Caption-style text data:
------------
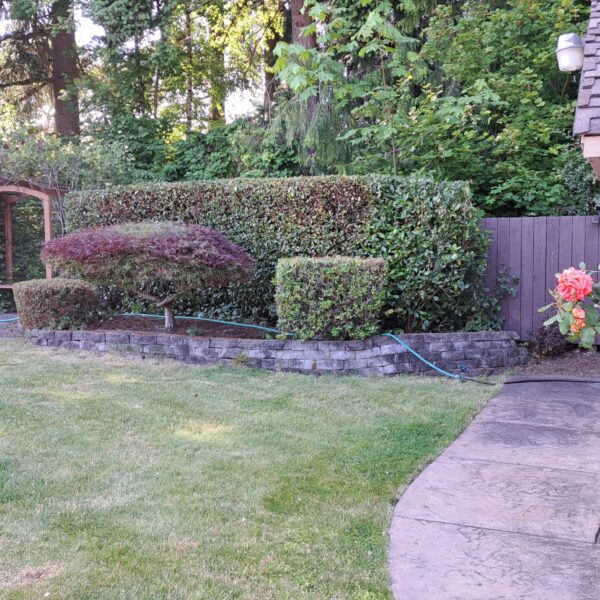 IMG-20250714-WA0019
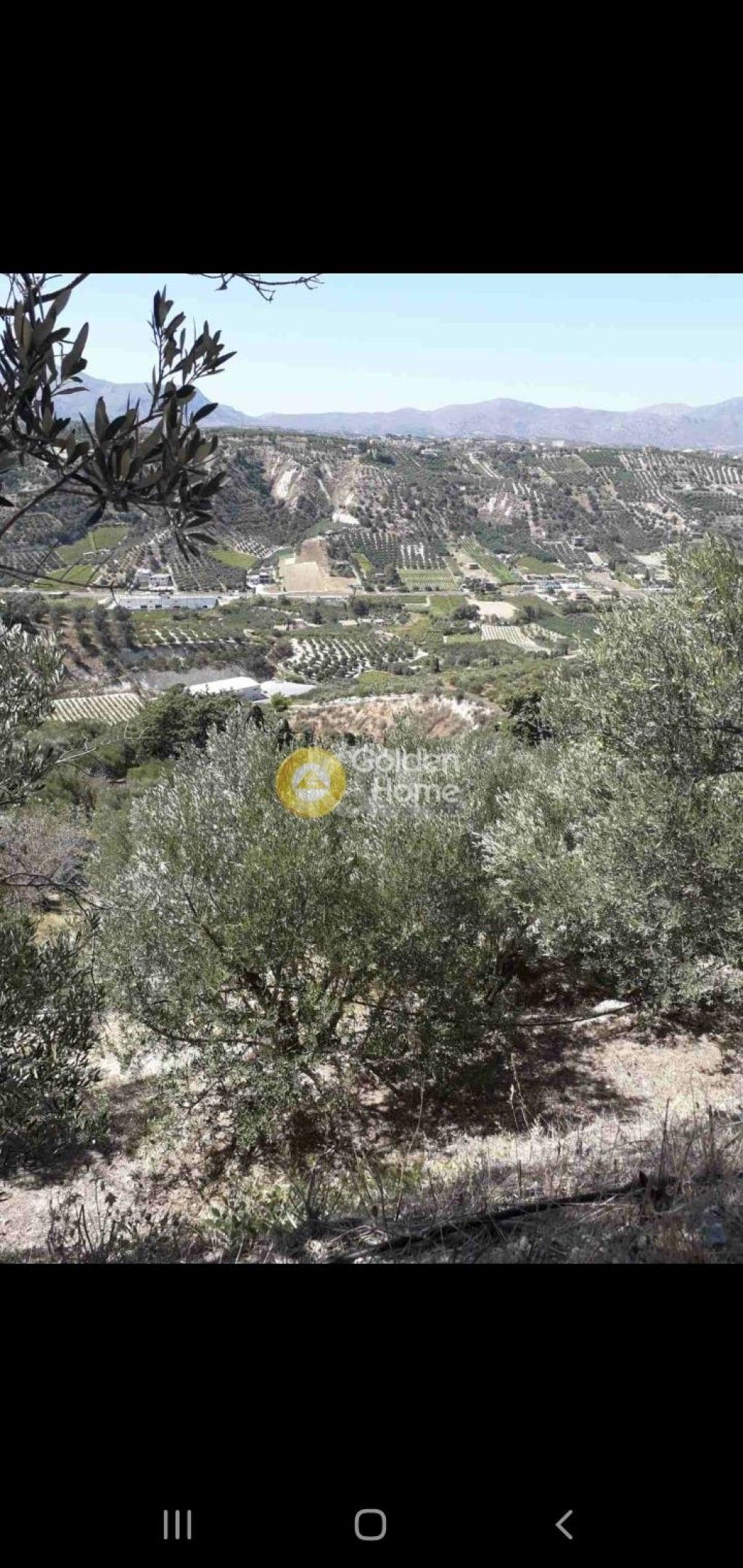 εικόνα αγγελίας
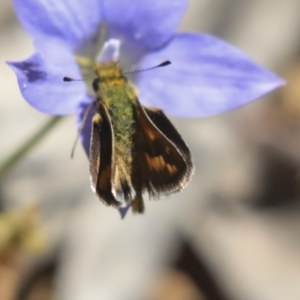 Ocybadistes walkeri at Hawker, ACT - 17 Oct 2021 03:29 PM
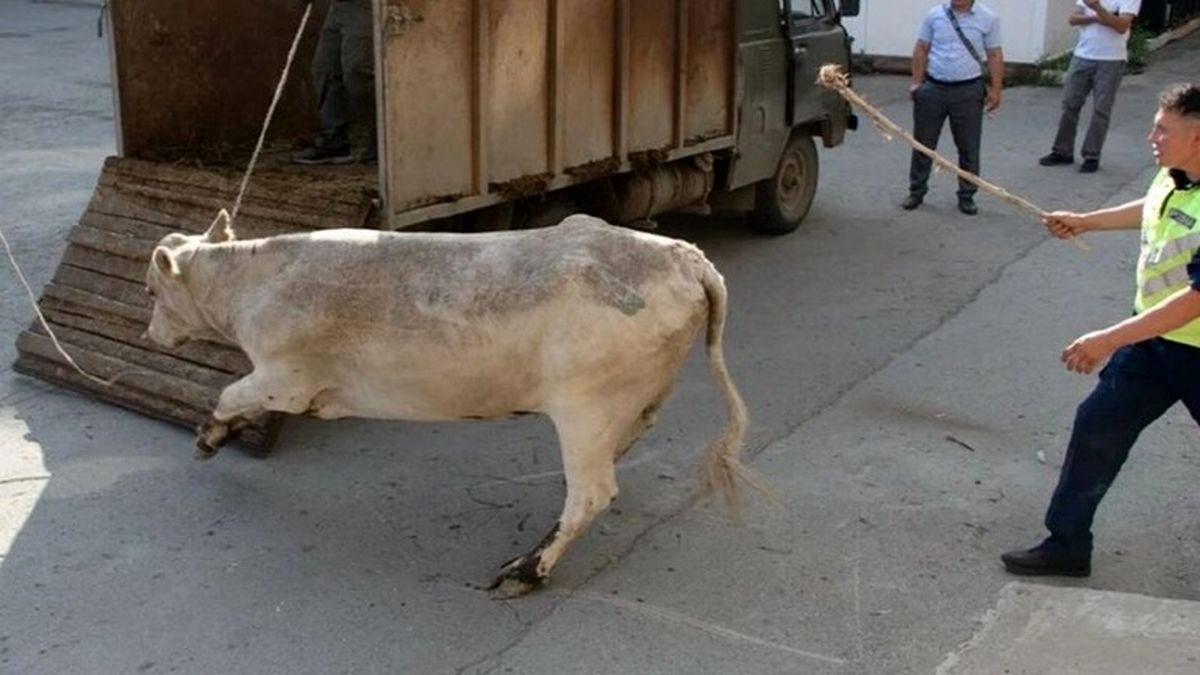 گاو سختکوش موفق به فرار از چاقوی قصاب شد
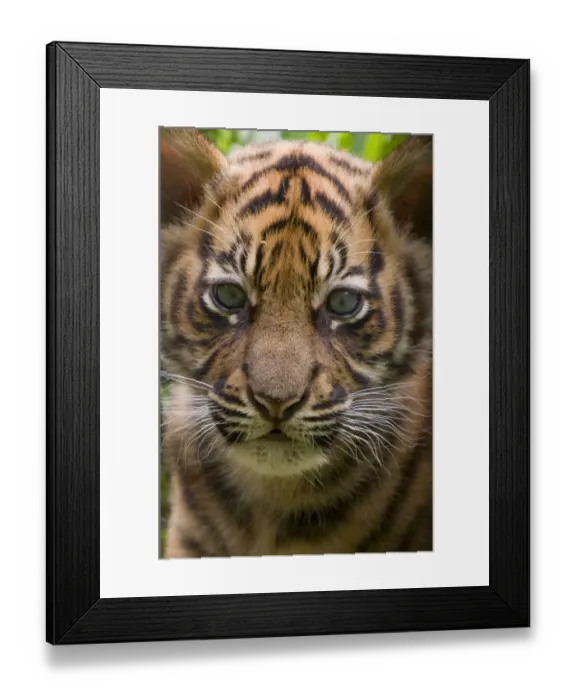 Framed Print : Sumatran tiger (Panthera tigris sumatrae) head portrait of male cub aged two months Framed Print : Sumatran tiger (Panthera tigris sumatrae) head portrait of male cub aged two months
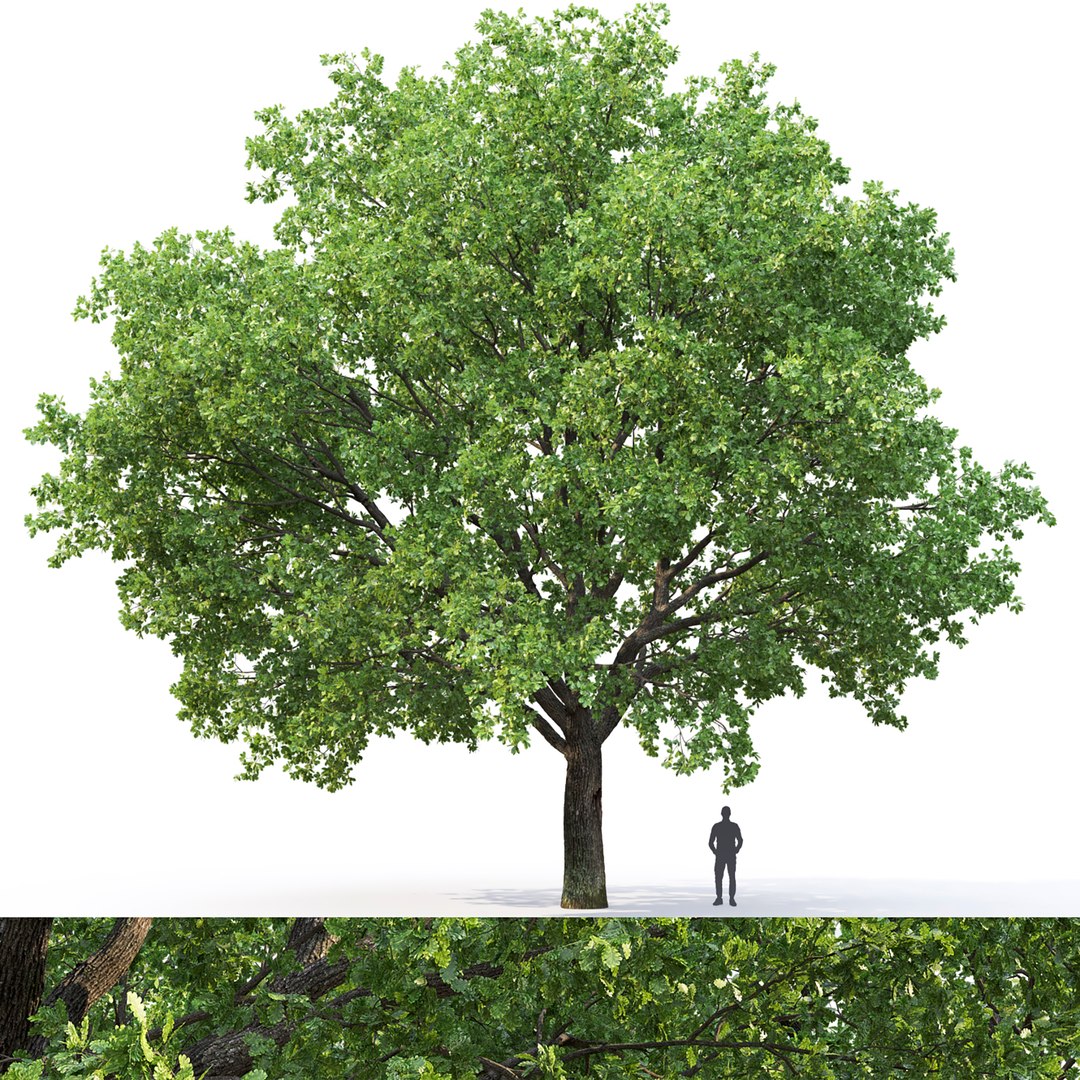 3D OAK 04 https://p.turbosquid.com/ts-thumb/Gx/WP5NVQ/9B/1turb/jpg/1623914798/1920x1080/fit_q87/0f7d87c0d993a729b3580b7c0fef60a90833cb84/1turb.jpg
------------
### TASK BRIEF
The expected output is an exact retyping of the lines from the line with "گاو سختکوش موفق به فرار از چاقوی قصاب شد" through the last line of the data, with both ends kept and the pictures dropped.

### FINISHED EXERCISE
 گاو سختکوش موفق به فرار از چاقوی قصاب شد
 Framed Print : Sumatran tiger (Panthera tigris sumatrae) head portrait of male cub aged two months Framed Print : Sumatran tiger (Panthera tigris sumatrae) head portrait of male cub aged two months
 3D OAK 04 https://p.turbosquid.com/ts-thumb/Gx/WP5NVQ/9B/1turb/jpg/1623914798/1920x1080/fit_q87/0f7d87c0d993a729b3580b7c0fef60a90833cb84/1turb.jpg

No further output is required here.